Q: La préparation de Hesjedal semble supérieure à l'an dernier. Qu'en pensez-vous?

R: Ouais, physiquement, il a passé un très grand hiver. Pour tous les coureurs, c'est très important. Le succès de l'an dernier lui a permis d'avoir une grande confiance en lui. Ça peut devenir de la pression pour certains coureurs. Pour Ryder, ça lui donne seulement de la tranquillité. C'est ce qu'il faut pour être performant. Donc, il est vraiment cool!

Q: Malgré son statut de champion en titre, il semble un peu négligé. Y voyez-vous un certain manque de respect?

R: Je ne pense pas qu'il faille interpréter cela comme un manque de respect. C'est peut-être parce qu'il est vraiment tranquille. Je peux vous dire que ça convient très bien à toute l'équipe et à lui. L'important, c'est le résultat, pas le chit-chat avant la course...
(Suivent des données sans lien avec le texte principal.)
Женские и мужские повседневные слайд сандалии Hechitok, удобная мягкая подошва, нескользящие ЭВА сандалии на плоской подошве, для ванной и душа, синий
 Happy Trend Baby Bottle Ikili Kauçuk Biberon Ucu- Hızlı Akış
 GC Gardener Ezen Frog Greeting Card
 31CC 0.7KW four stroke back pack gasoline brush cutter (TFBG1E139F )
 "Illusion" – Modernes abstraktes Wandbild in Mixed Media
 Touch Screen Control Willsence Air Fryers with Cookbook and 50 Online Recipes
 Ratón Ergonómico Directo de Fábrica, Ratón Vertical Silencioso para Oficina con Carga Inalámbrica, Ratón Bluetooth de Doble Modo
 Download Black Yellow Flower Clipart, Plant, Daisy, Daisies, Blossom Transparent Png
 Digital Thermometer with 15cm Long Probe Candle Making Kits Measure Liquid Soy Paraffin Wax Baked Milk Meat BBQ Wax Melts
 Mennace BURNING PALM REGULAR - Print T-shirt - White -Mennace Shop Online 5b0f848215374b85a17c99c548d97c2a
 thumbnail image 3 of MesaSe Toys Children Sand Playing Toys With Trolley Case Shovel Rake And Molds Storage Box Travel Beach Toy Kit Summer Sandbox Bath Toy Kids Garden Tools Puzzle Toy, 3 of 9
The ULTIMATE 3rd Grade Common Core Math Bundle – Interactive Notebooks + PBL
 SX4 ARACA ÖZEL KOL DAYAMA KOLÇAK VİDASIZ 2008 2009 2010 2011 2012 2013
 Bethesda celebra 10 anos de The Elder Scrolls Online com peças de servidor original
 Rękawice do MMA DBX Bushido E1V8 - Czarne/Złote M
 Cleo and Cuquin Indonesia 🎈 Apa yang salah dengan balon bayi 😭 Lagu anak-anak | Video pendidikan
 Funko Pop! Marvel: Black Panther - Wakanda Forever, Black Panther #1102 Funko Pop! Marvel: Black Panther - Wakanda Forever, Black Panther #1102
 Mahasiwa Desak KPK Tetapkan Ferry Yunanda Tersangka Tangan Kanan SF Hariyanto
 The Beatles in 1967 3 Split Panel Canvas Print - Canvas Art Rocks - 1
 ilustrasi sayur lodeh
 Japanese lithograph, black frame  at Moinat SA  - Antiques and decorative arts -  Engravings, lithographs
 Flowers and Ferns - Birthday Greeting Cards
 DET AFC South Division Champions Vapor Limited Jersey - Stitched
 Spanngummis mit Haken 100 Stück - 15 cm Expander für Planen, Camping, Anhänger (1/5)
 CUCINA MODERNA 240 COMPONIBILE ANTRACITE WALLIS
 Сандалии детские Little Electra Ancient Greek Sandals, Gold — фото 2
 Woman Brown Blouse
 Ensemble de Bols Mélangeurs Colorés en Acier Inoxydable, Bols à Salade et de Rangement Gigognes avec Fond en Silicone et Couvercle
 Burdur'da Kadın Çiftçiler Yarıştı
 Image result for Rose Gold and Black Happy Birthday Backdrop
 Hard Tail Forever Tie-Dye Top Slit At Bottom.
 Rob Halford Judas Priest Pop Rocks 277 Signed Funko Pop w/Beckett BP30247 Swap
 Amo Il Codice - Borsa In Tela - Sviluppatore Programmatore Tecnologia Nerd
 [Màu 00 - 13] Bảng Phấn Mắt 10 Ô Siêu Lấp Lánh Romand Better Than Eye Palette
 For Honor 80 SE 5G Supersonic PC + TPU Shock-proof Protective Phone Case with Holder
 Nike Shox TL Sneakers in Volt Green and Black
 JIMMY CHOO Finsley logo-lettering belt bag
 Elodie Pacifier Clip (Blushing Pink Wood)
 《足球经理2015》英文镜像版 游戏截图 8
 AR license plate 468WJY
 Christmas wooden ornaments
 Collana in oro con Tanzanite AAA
Q: Dans un Grand Tour, Hesjedal a souvent construit son succès dans la dernière semaine. Quel est le secret de sa résistance?

R: Son physique et sa régularité. Ce n'est pas quelqu'un qui fait des explosions ou de grands numéros. Il a un moteur un peu diesel. Il marche toujours au même régime. Pour bien faire dans les grands tours, c'est ce qu'il faut à la fin. Parce que ce n'est pas le grand numéro qui te gagne la course. C'est de ne jamais avoir un jour sans. Lui, il est très, très régulier. C'est sa force, vraiment.

Q: En tout cas, il semble très calme. Sent-il la pression?

R: La pression est comme une petite bête: si tu la laisses entrer dans ta tête, c'est difficile de la faire sortir. Ça peut te déconcentrer de ce qui est vraiment ton boulot, qui est d'appuyer sur les pédales. C'est vraiment tellement simple qu'il ne faut pas rendre les choses plus compliquées.

Q: Avez-vous ciblé des étapes-clés?

R: Il y en a, mais je ne parle pas de ça avec vous, les journalistes...

Chose certaine, Hesjedal sera marqué au fer, mardi, lors de cette quatrième étape de 244 km, la plus longue du Giro, avec une arrivée 5 km après un col de deuxième catégorie.